Problem statement>
Copy, word for word, the opening line of the data and each line after it until the line that contains "Hopefully you like", which is included. Leave the pictures out.

Top of Dataset section

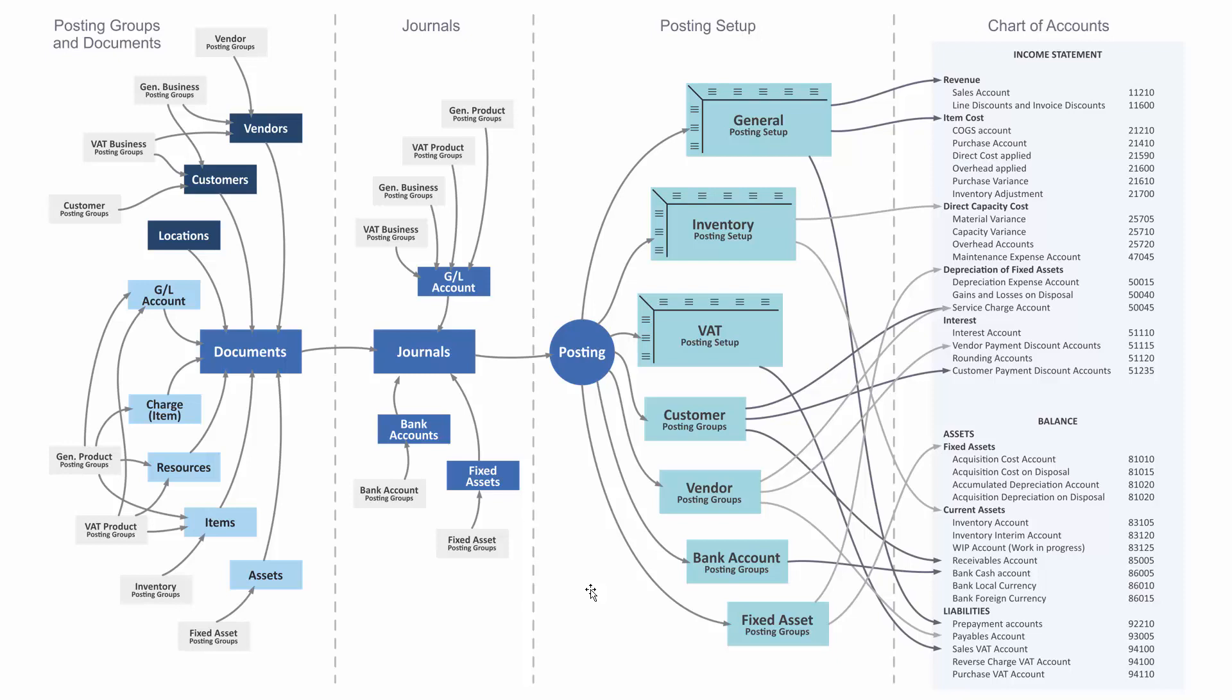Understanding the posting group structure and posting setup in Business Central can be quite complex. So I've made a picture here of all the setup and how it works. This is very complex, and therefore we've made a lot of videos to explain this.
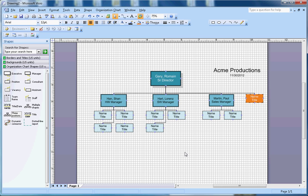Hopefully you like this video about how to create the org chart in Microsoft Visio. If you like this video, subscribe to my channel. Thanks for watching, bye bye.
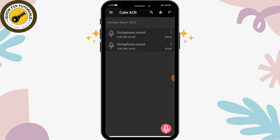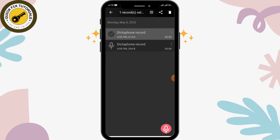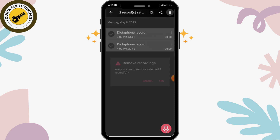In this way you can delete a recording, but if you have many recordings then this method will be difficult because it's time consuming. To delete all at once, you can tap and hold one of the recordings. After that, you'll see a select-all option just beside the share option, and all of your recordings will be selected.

Bottom of Dataset section

Your response>
Understanding the posting group structure and posting setup in Business Central can be quite complex. So I've made a picture here of all the setup and how it works. This is very complex, and therefore we've made a lot of videos to explain this.
Hopefully you like this video about how to create the org chart in Microsoft Visio. If you like this video, subscribe to my channel. Thanks for watching, bye bye.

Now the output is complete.